Work required:
Your copy should begin at the line containing "олесь, ну ты чего я гуляю с ромой" and end at the last line of the records; transcribe those lines exactly and leave out every picture.

[Captioned web image data]
--- START ---
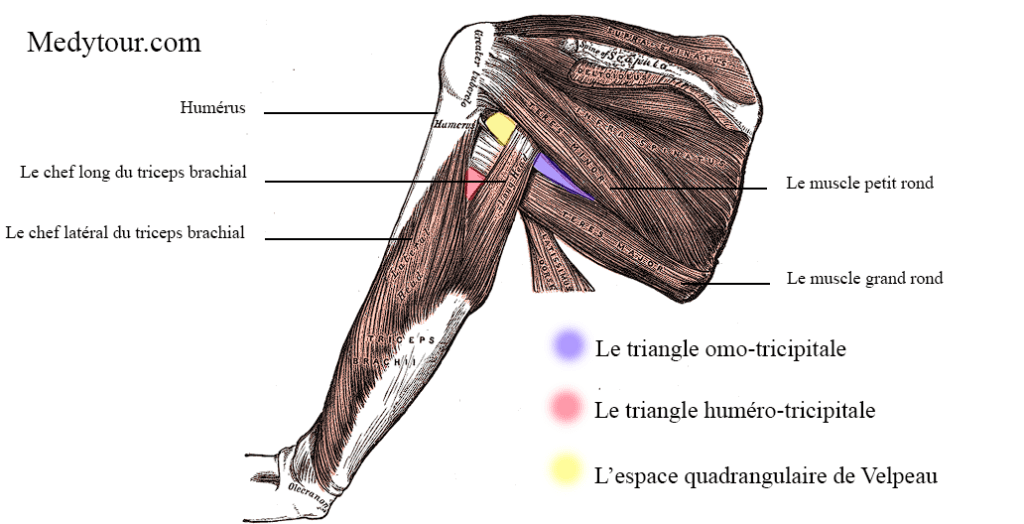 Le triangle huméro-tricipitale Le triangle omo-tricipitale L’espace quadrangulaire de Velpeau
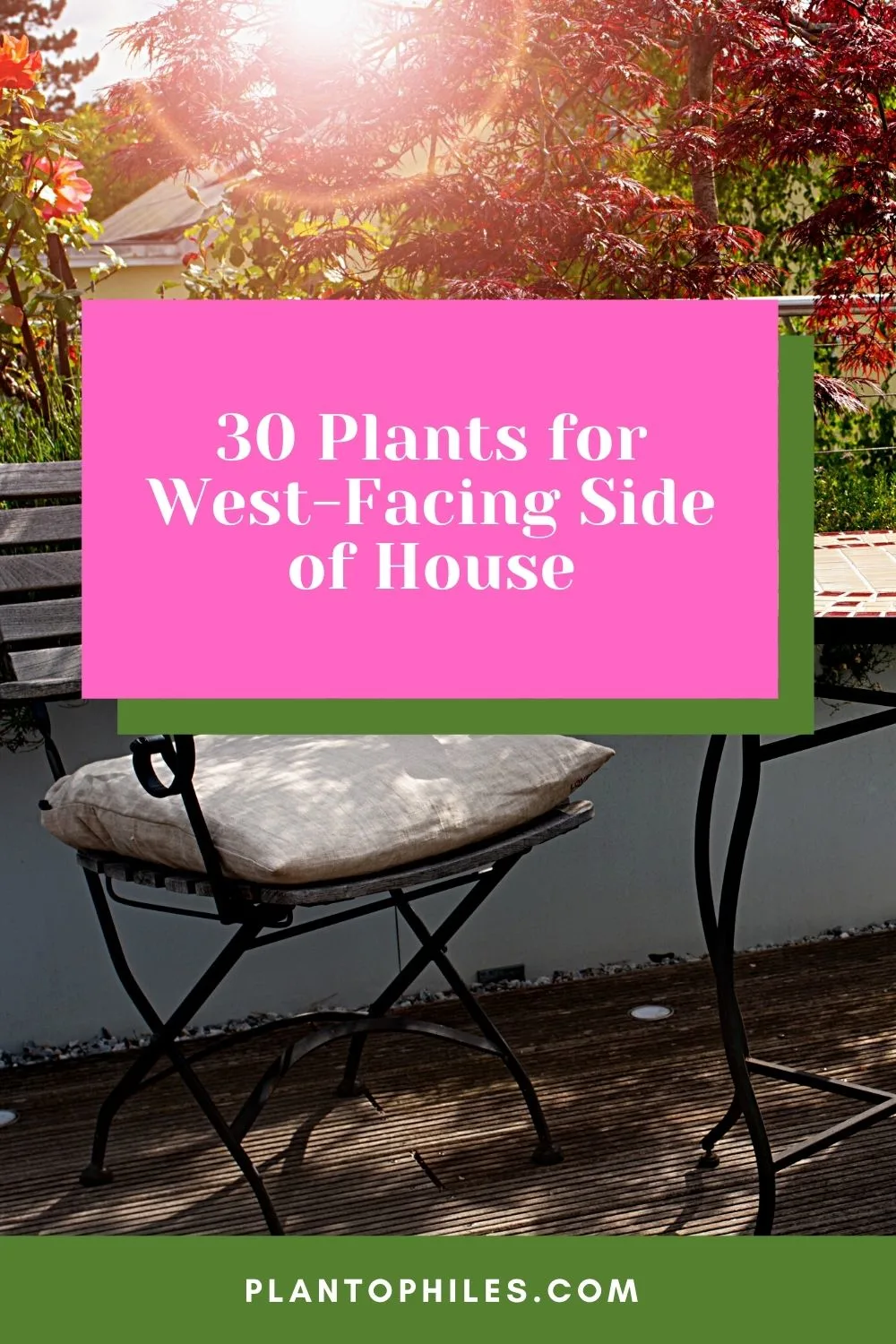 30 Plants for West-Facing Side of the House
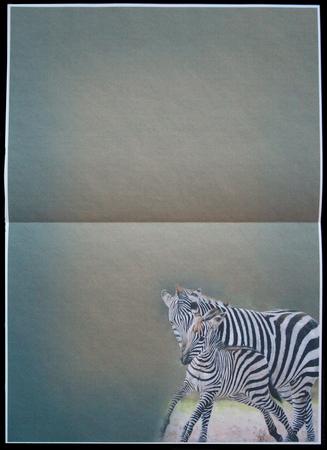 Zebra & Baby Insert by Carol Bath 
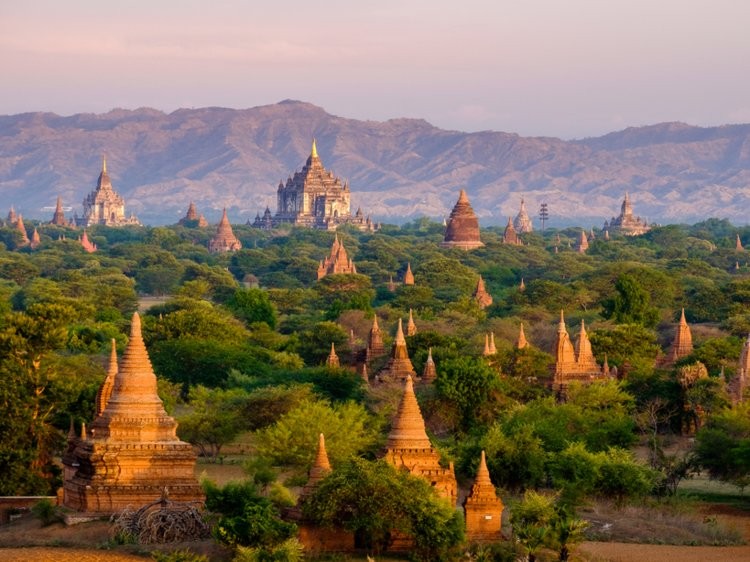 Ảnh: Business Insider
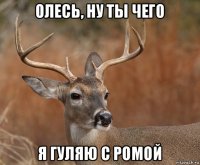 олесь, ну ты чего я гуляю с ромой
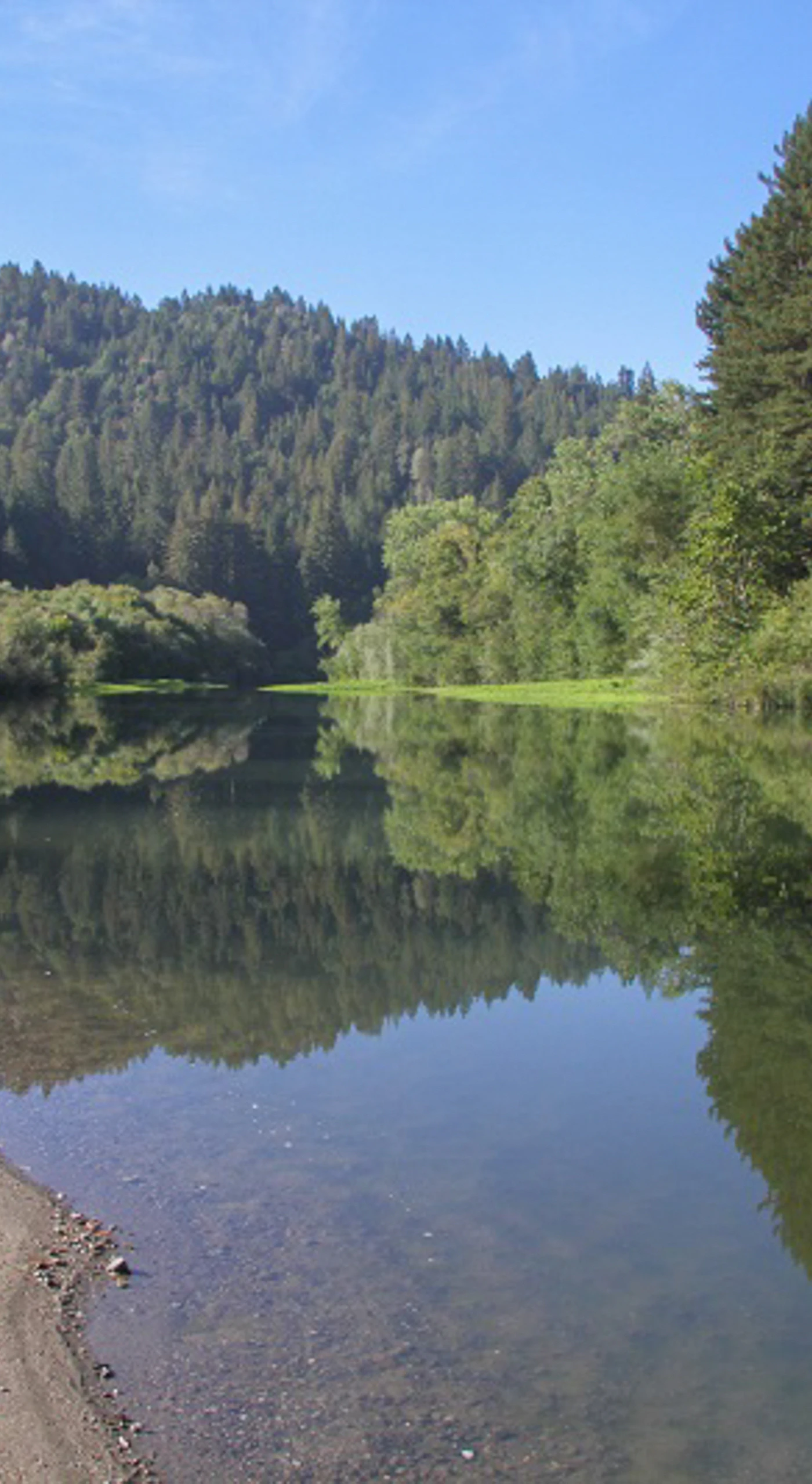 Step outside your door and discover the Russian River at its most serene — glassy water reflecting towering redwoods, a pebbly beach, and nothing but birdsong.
--- END ---
Response:
 олесь, ну ты чего я гуляю с ромой
 Step outside your door and discover the Russian River at its most serene — glassy water reflecting towering redwoods, a pebbly beach, and nothing but birdsong.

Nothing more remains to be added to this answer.